The Leader as Coach begins…..
Once upon a time, most people began successful careers by developing expertise in a technical, functional, or professional domain. Doing your job well meant having the right answers. If you could prove yourself that way, you’d rise up the ladder and eventually move into people management—at which point you had to ensure that your subordinates had those same answers.
As a manager, you knew what needed to be done, you taught others how to do it, and you evaluated their performance. Command and control was the name of the game, and your goal was to direct and develop employees who understood how the business worked and were able to reproduce its previous successes.
Not today. Rapid, constant, and disruptive change is now the norm, and what succeeded in the past is no longer a guide to what will succeed in the future. Twenty-first-century managers simply don’t (and can’t!) have all the right answers. To cope with this new reality, companies are moving away from traditional command-and-control practices and toward something very different: a model in which managers give support and guidance rather than instructions, and employees learn how to adapt to constantly changing environments in ways that unleash fresh energy, innovation, and commitment.
The role of the manager, in short, is becoming that of a coach………no longer can managers simply command and control. Nor will they succeed by rewarding team members mainly for executing flawlessly on things they already know how to do. Instead, with full institutional support, they need to reinvent themselves as coaches whose job it is to draw energy, creativity, and learning out of the people with whom they work………..
I am currently working as “Coach in Residence” for an ASX 100 technology company in Brisbane Australia. It is by any measure, a success story.
My task, as identified by the CEO and his Senior Leadership team (SLT), is to improve their performance as the group leading the company into the future, despite the position of the company. Obviously, there are some definitions around what does “improve”, “performance” and “future” mean. But for the purposes of this article, the SLT did not believe that they were working collaboratively.
As a consequence, this lack of teamwork impacted the capacity to efficiently & effectively harness their collective abilities to drive change within the business, in order to be ‘ahead of the curve’ in the market.
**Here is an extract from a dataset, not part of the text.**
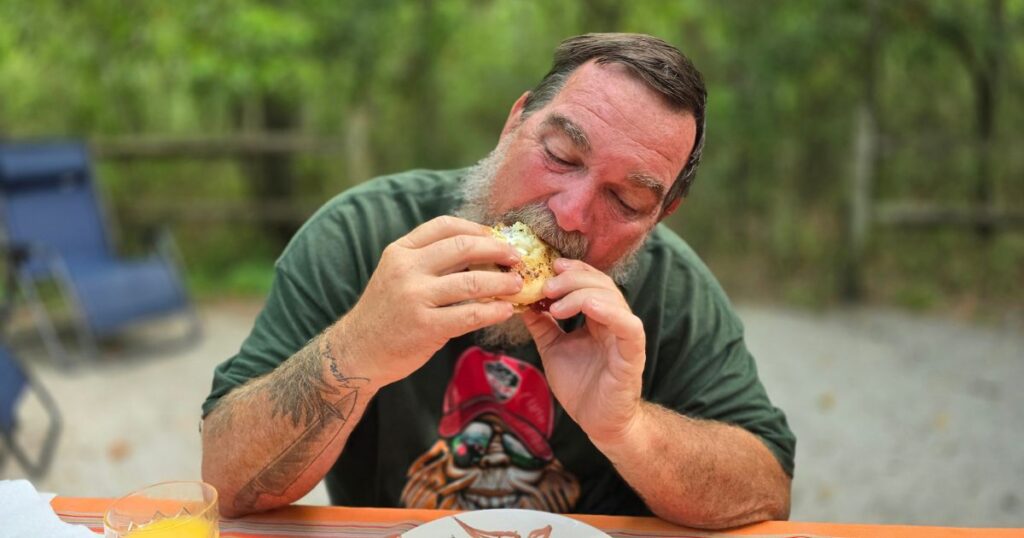 THIS IS AN IMAGE OF A MAN EATING BREAKFAST AT CAMP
In our current state, we might think more appropriately of ‘flattening the curve’.
So their timeline horizons were very short, driven by achieving numbers for the company around revenue, profit, new business and converting existing business to new platforms.
Now there is a quantifiable change within the SLT about collaboration and teamwork.
They have written their own Credo, not an organisational Credo.
As Coach, I have been holding them to account to this Credo, both individually and collectively.
While the uptake has been slow, based on the personal scorecards that each have recorded week by week, the most recent offsite saw all team members reaffirm this step as an important measure for them to maintain. The more that they deliver on their Credo, the better placed they will be to Coach their respective teams on what higher performance expectations are, and whether it is being delivered.
Not everyone in this SLT will be great Coaches. But what they are doing is becoming more aware of the power of coaching, and the longer term (future) benefits it can unlock for the organisation.